He was a talented player. He wasted no time in smacking the sticks of the opposing players, and took hits without flinching or dropping the ball. She could see in his movements what he had meant about the crosse being as close to an axe as he was going to get; she could mentally replace the harmless stick and ball with a gleaming blade quite easily, and she could see that he wielded it well. Even still, he never used excessive force or seemed to go out of his way to hurt the other players as some of his teammates did. They seemed to get joy from crashing into their opponent as hard as they could. The other women took that as a compliment, or at least a challenge: to be treated as equals.

If she tried to talk to him later, what would she get? Maybe he would be a good contact in the future, someone Reinhard could learn from. Someone who could get him a position in whatever unit he ended up in. Schenkopp would go far, she considered, and he would be a useful ally.
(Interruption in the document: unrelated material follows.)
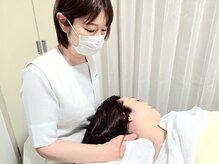 ポーラ ザ ビューティ 新橋店(POLA THE BEAUTY)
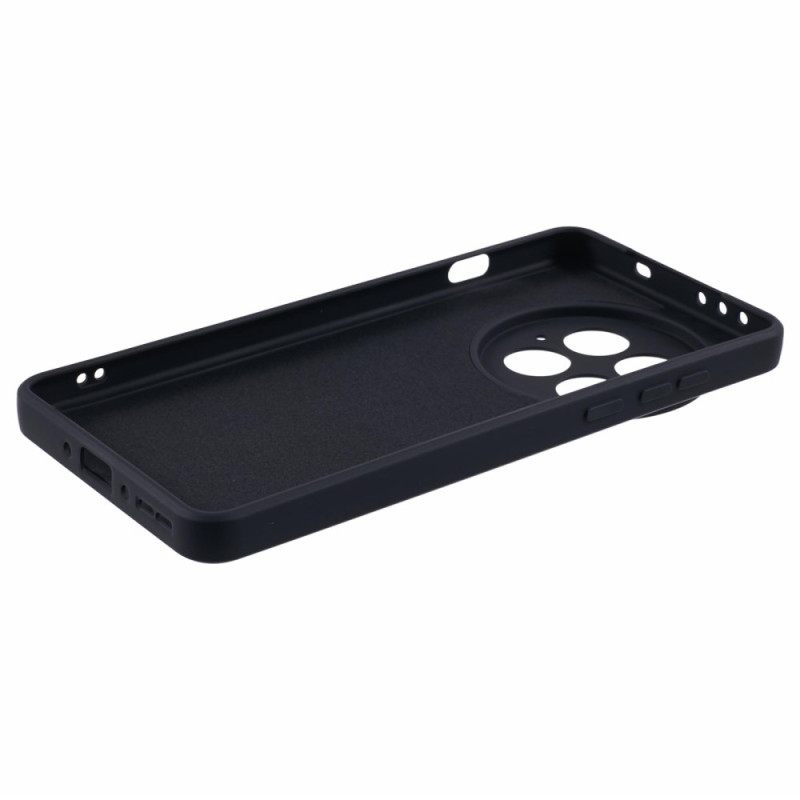 Kuori Oneplus 13 Silikoni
She did not want to admit to herself that she had other motives for watching Schenkopp as he dashed around.

This period of contemplation was perhaps the first time in her life that Annerose had been so severely distracted. So, when the ball came flying towards her, she almost didn’t react fast enough to catch it. She definitely did not react fast enough to get away from the six foot tall junior bearing down on her. She made eye contact with one of her teammates, then flung the ball right as she was knocked sideways. Her helmet, already loose, came up around her ears, and as she fell to the ground, her teeth crashed into the bottom lip of the helmet, and she felt a searing pain in her mouth. She didn’t cry out and she got right back up after the impact, so the game went on around her, the ball moving back into the other side of the field.
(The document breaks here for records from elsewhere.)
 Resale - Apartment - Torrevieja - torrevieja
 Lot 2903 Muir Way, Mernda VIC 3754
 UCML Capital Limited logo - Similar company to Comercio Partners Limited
Annerose took stock of her situation. Her mouth was on fire with pain, and she could taste it filling with blood. She kept her lips completely shut, so as not to let the blood come out and disrupt the game. She would play on until the last quarter was over. She wasn’t going to let her team be down a man for her stupidity, for not putting her mouthguard back in after drinking coffee during the break. She kept her mouth closed. She breathed heavily through her nose. She swallowed the blood that filled her mouth, even though it was beginning to make her quite ill. She played the rest of the game, rain falling heavily by the end of it.

Their team lost, which wasn’t surprising, but it was disappointing to the other women. Annerose was beyond the point of caring. Because of the disappointment of the loss and the inclemency of the weather, most of her teammates jogged off immediately, going to take shelter under the umbrellas of their spectator friends as they walked home, or running in pairs or small groups back to their dorms. One of her teammates collected all their equipment, sticks and helmets, to return them to the closet from whence they had been borrowed.

Annerose stood lost for a moment, feeling rather chill and faint, trying to triangulate the best path to the student medical center. She hadn’t ever had need to go there before, so she didn’t have the clearest sense of where it was. As she started to walk away, someone, Schenkopp, of course, came up behind her.

“Good game, Ms. von Müsel,” he said. “You made it closer than I thought you would.”

She couldn’t respond without opening her mouth, so she just nodded at him as he walked beside her.

“I was wondering,” Schenkopp said, “if you would like to go out to dinner with me?”

She gestured down at herself, covered head to toe in mud, and he laughed.

“Well, we’d both have to get changed first. Though you’re not walking in the right direction to get back to your room, so I do have to wonder where you’re headed.” Annerose didn’t respond, so he said, “I suppose you don’t have to talk to me, if you don’t want to.” And he sounded legitimately disappointed.

Annerose stopped and turned towards him, covering her mouth with her hand. “Mr. von Schenkopp, I am unfortunately required to head to the student health center at this moment.” Her voice was thick with coagulated blood, making it very hard to talk.

He stared down at her in confusion, and hesitantly reached up towards her hand, which she was clamping over her mouth. “What’s the matter?”

“Nothing,” she said, and began walking again. He followed after her.

“I won’t ask if you need an escort,” he said. “But would you mind one?”

“I’m afraid I won’t be very good company,” she said, then closed her mouth. She glanced at her hand, which was covered in blood, and wiped it on her jersey.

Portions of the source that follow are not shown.